The traditional model of BI involved the use of a dedicated data warehouse (DWH), utilizing a relational database (usually SQL, Oracle or something similar) consisting of many tables and indices. A schema, often 'Star' or 'Snowflake,' is used due to technological restrictions on volume and index size. By reducing these restrictions, performance can be improved. However, on the other hand, this results in the ETL process becoming increasingly slow and complex – with the need to scan each row and field of incoming data.
Even if this hurdle is overcome, these kinds of databases were not designed to handle volumes over about 1 TB. In the data-hungry modern setting, this means setting up hundreds of partitions, aggregation tables, pre-calculated table allocations to different databases, OLAP and other workarounds. An already expensive project therefore becomes bloated in size and cost.
But is there an alternative to this unwieldy process? Golan Nachum, CEO of Twingo, writes that there is. Even for businesses with as little data as 0.5 TB, 'Big Data' can be an appropriate solution. By selecting a column-based data warehouse, tables can be flattened and the fact dimension can be skipped. This means there is no need for aggregation, calculated tables, partitions, or any of the workarounds described above. The ETL process becomes as simple as just loading files.

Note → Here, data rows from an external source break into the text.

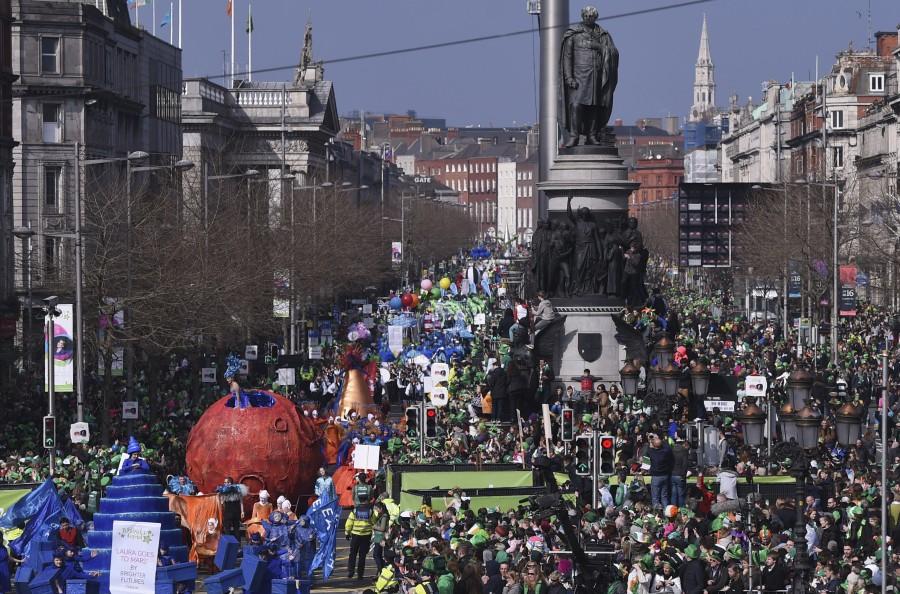People watch the parade St. Patrick's day in Dublin, Ireland March 17, 2016 St Patrick’s Day,St Patrick’s Day 2017,St Patrick’s Day photos,irish holiday,St Patrick’s Day holiday,people celebrate St Patrick’s Day,St Patrick’s Day green,photos,Duchess of Cambridge,prince william,Catherine,St Patrick’s Day parade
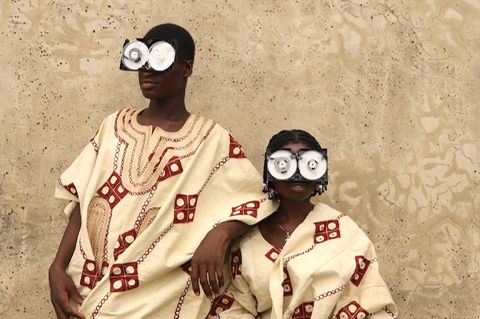 Zwei junge Menschen posieren vor einer rauen Wand, in reich bestickten Gewändern aus Aso Oke – jenem handgewebten Stoff aus Nigeria, der traditionell bei Zeremonien getragen wird. Ihre Gesichter sind größtenteils von futuristischen Brillen aus recycelten VHS-Kassetten verdeckt – eine witzige und prägnante Metapher für die Verwandlung veralteter Technik in ein neues Ritualobjekt und Werkzeug des kulturellen Ausdrucks.
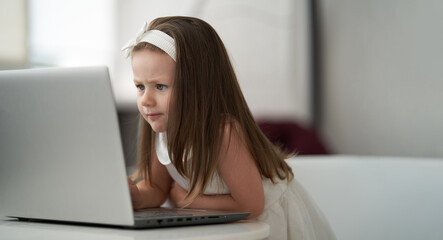 A cute little girl working with a laptop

Perfectly designed to load massive volumes of data per minute, modern BI means you don't need to wait for nightly runs. Scalability is a key focus of the system, using low-cost hardware, continuity, data redundancy, and query performance that is up to 1,000 times faster. A rapid, short, simple and efficient ETL means fields and dimensions can be easily modified and added.

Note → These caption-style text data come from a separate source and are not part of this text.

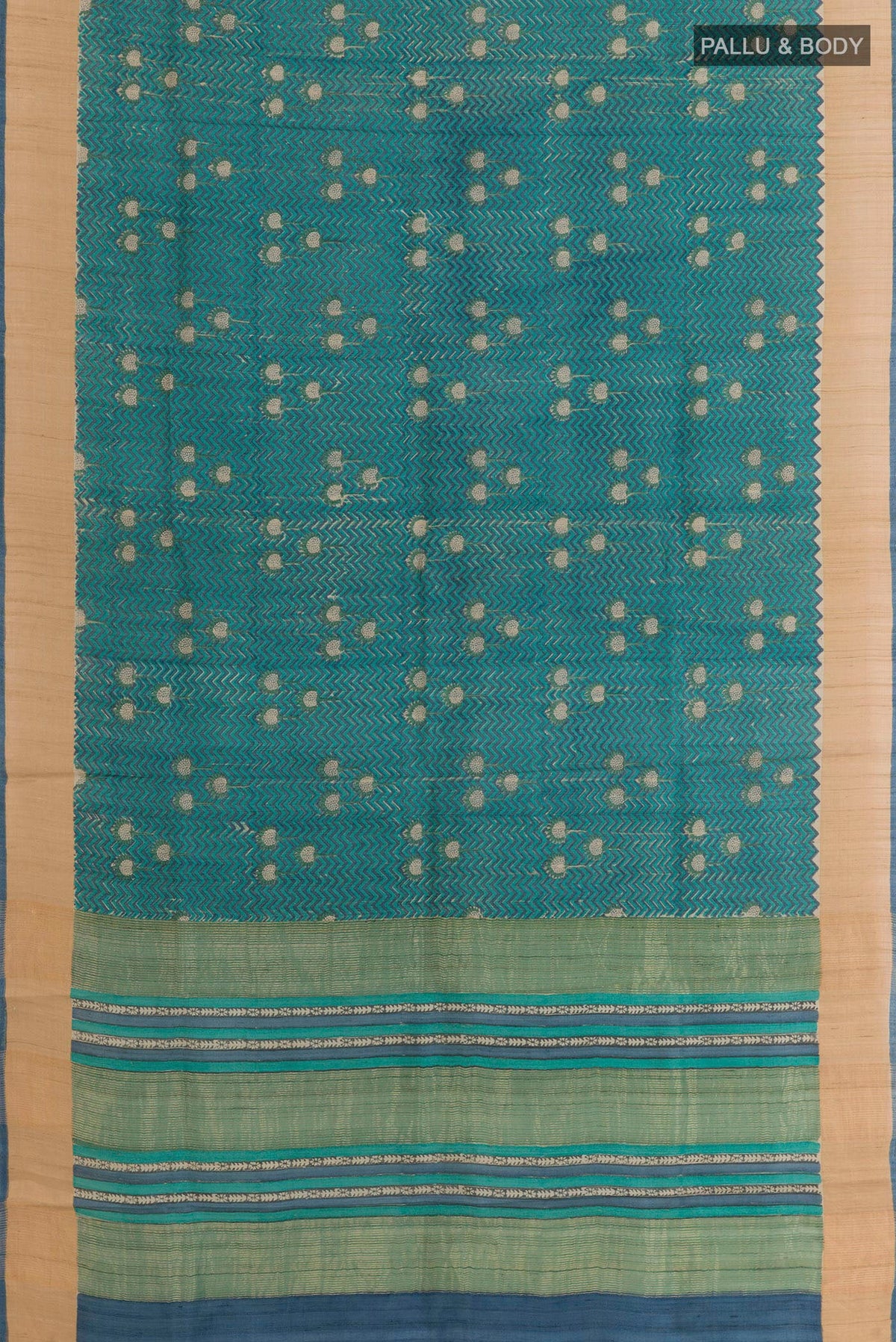 Flat view of Blue Tussar Saree with Printed design on the body and Zari Border. 
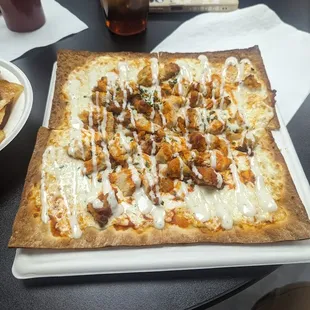 a square pizza on a table
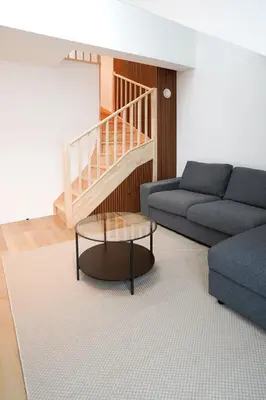 a living room with a couch and a coffee table at Appartment Douvres 7 in Brussels
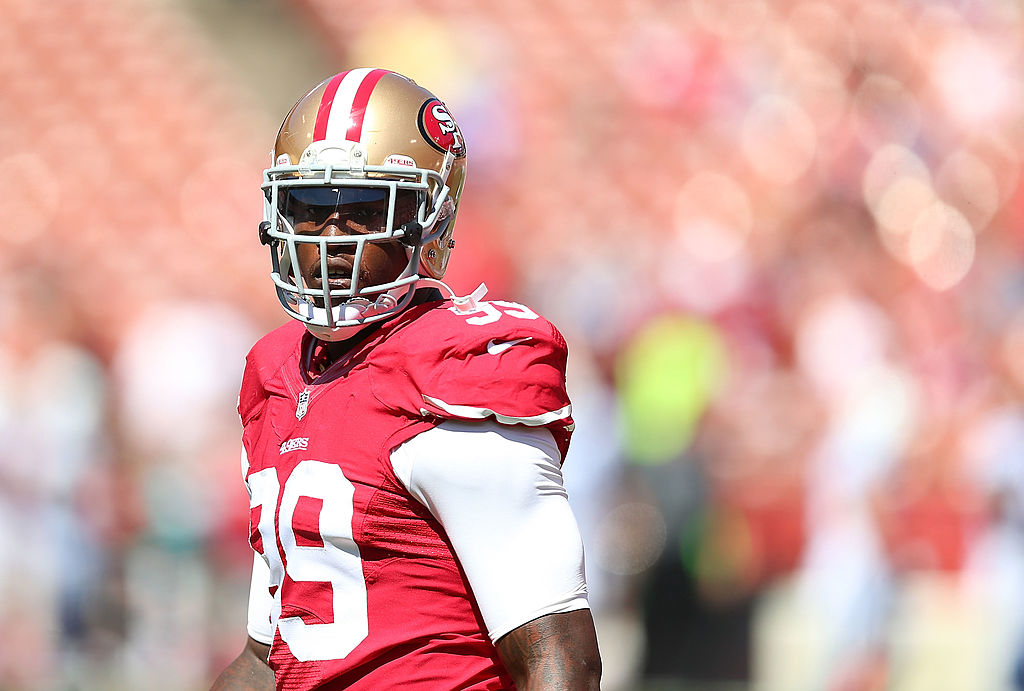SAN FRANCISCO, CA - SEPTEMBER 22: Aldon Smith #99 of the San Francisco 49ers looks on during warm-u...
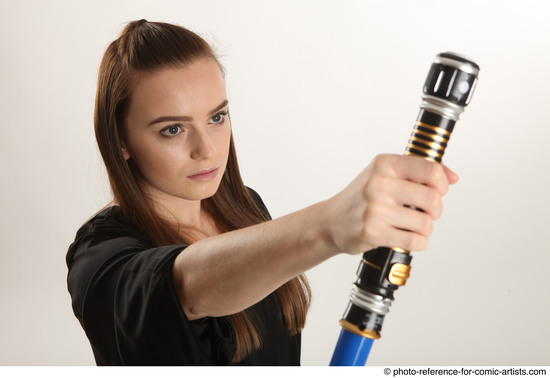 Woman Adult Average White Fighting with sword Standing poses Coat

The BI tool connects directly to the database and each query is performed right as needed, with very rapid turnaround (typically less than a second). Any good BI tool that can work with a column-based database will be perfect for performing simple, efficient queries. In terms of dimensions, simply use a distinct operator on the flattened table for response times as quick as one-hundredth of a second.
Indeed, any type of query and business enquiry is possible. This includes ad-hoc, self-service BI, drill session analysis and anything else an organization might need. A simple system with no performance issues means there is no longer any need for an army of DBA and BI Staff.